Corita brought up an interesting idea: we can behave immodestly while discussing modesty. I realize that I’m pretty much doing this right now by writing my third straight post about the topic, so—I don’t know, pray for me. (I’m going to be out of town all day anyway, so if the comment box gets all cluttered up with rabbits and pant suits and whatnot like it did on Thursday, don’t blame me).
I am distressed at least a little by the way that these modesty discussions inevitably draw so much description of the female body, clothed or barely-clothed.
. . . I am totally with you on pants, and modesty being situational. Is there, though, a limit to how to discuss modesty? A point, or a manner, in which it becomes, itself, immodest?
Ohhh, yes. There are three basic types of immodest modesty that I’ve seen in religious circles:
1. Praising chastity in such glowing terms that the windows fog up. This must make our guardian angels roll their eyes. Picture, if you will, a Catholic youth group in which young men and women are sequestered in a comfy lounge, going on and on and on and on about how wonderful it is to save oneself for marriage. Objectively, their words are on the up-and-up—but if you blink and shake your head to clear the air, you’ll realize that it’s really just a bunch of panting teenagers talking about how much they wanted to have sex.
They definitely get points for trying, but at a certain stage, you really have to say, “Well, I’m going to go play basketball now!” or “Hey, I’m going to hurl myself in this thorn bush a couple of times—who’s with me?”
2. Tireless vigilance about immodesty in others.

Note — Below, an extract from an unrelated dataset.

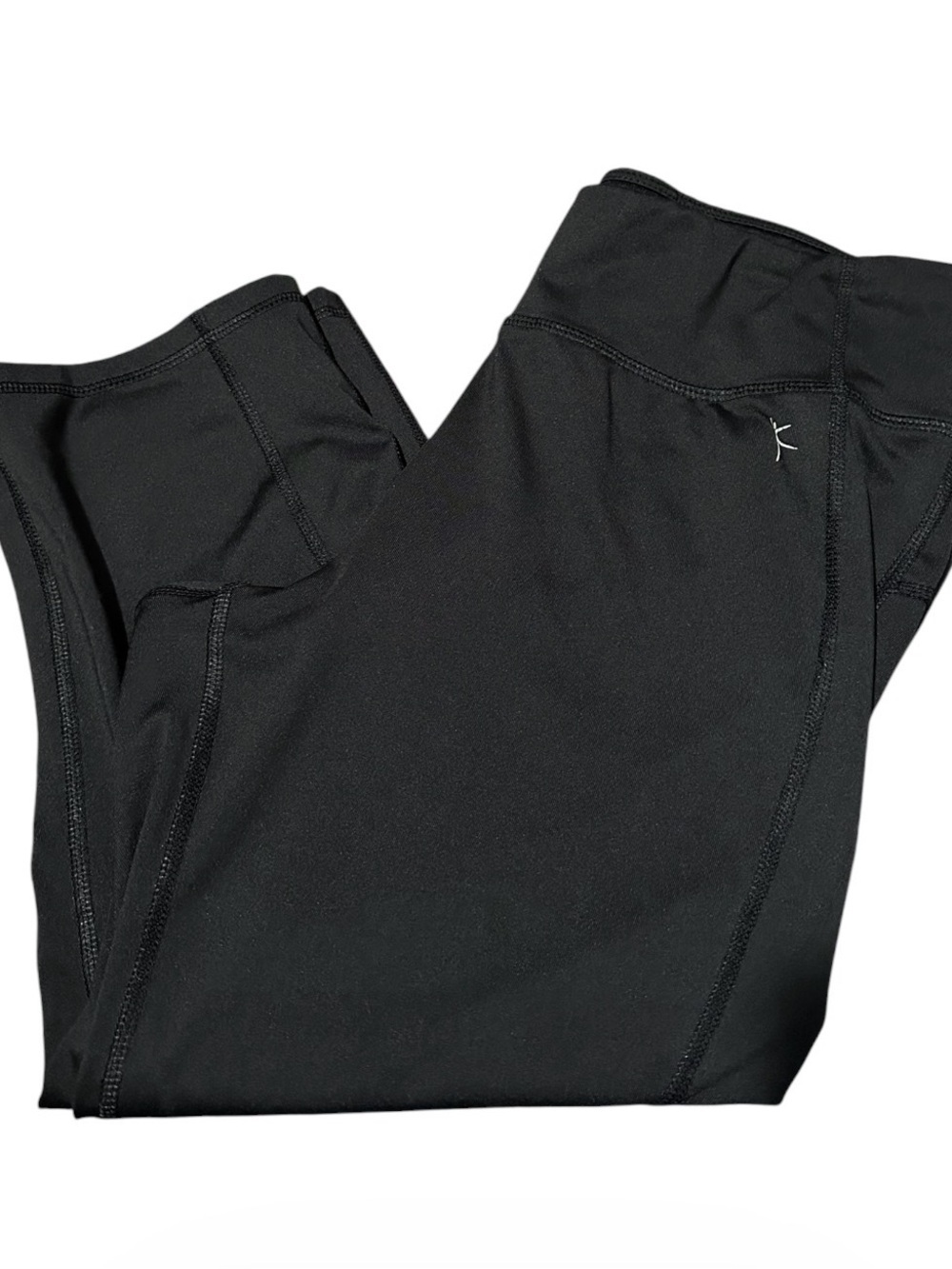 Black Athletic Danskin now capri Leggings with Subtle Logo L/G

This is especially loathesome in children. I’ve heard women boast about how their six-year-old son makes cutting remarks about the attire of a woman who jogs by the house: “Mommy, that lady must not like herself very much!” This is not the kid’s fault, of course. It’s the mom who should be smacked upside the head. Obviously we must set standards for ourselves, and teach our children how to dress and behave. But we are in charge of how we dress, and unsolicited rudeness about other people’s choices is rude and counterproductive.
Another form of this vigilance, popular among women, is to anonymously mail some “how to be modest” literature to one of our erring sistern. If you’ve been tempted to do this, you should know that (a) ill-mannered stunts like this make decent women want to start clothes shopping in the spray paint aisle; and (b) Dressing With Dignity is one of the most poorly-written books I’ve ever come across. And I own Scooby Doo and the Haunted Cupcake Factory.
3. Thinking about modesty until you can’t think about anything else. This habit is just as objectifying as any soft porn: if you only think about thebodythebodythebody all the time, you forget that you’re not the only one with a soul.
Remember the rumor of the Catholic executive who made his female employee kneel down on the floor to see whether her skirt was sufficiently long? True or not, it’s the perfect illustration of someone who’s entirely forgotten why we have guidelines for modesty in the first place: to promote respect for each other.
When we obsessively debate the specifics of clothing, we start out with good intentions in a tricky world, and end up as prickly, sour, neo-perverts. I’ll never forget the complaint of one guy who battled valiantly to inject some reason into the pants debate of yesteryear (in at least four different comment boxes). He was a guy who had struggled to begin to live chastely. He said that the end result of having to explain over and over to Leviticus devotees why it wasn’t a sin for women to wear pants was that he found himself thinking critically and probingly about every single woman he encountered. For instance, he used to enjoy a TV talk show with a female host, because of its excellent content—but after the modesty debate, he found himself thinking, “Should she be sitting that way? Am I being overly legalistic, or overly lax when I notice that she has knees? What if she buttoned that other button—would that help? I think I can see through her blouse—probably another fabric would have been a more modest choice.” He was justifiably furious at the cretins who forced him back into that mode of hyper-awareness of women’s bodies, when he had fought a long fight to overcome.
After a certain point, thinking about modesty all the time is just another way of thinking about sex all the time. No matter how you got there, it’s not a good place to be.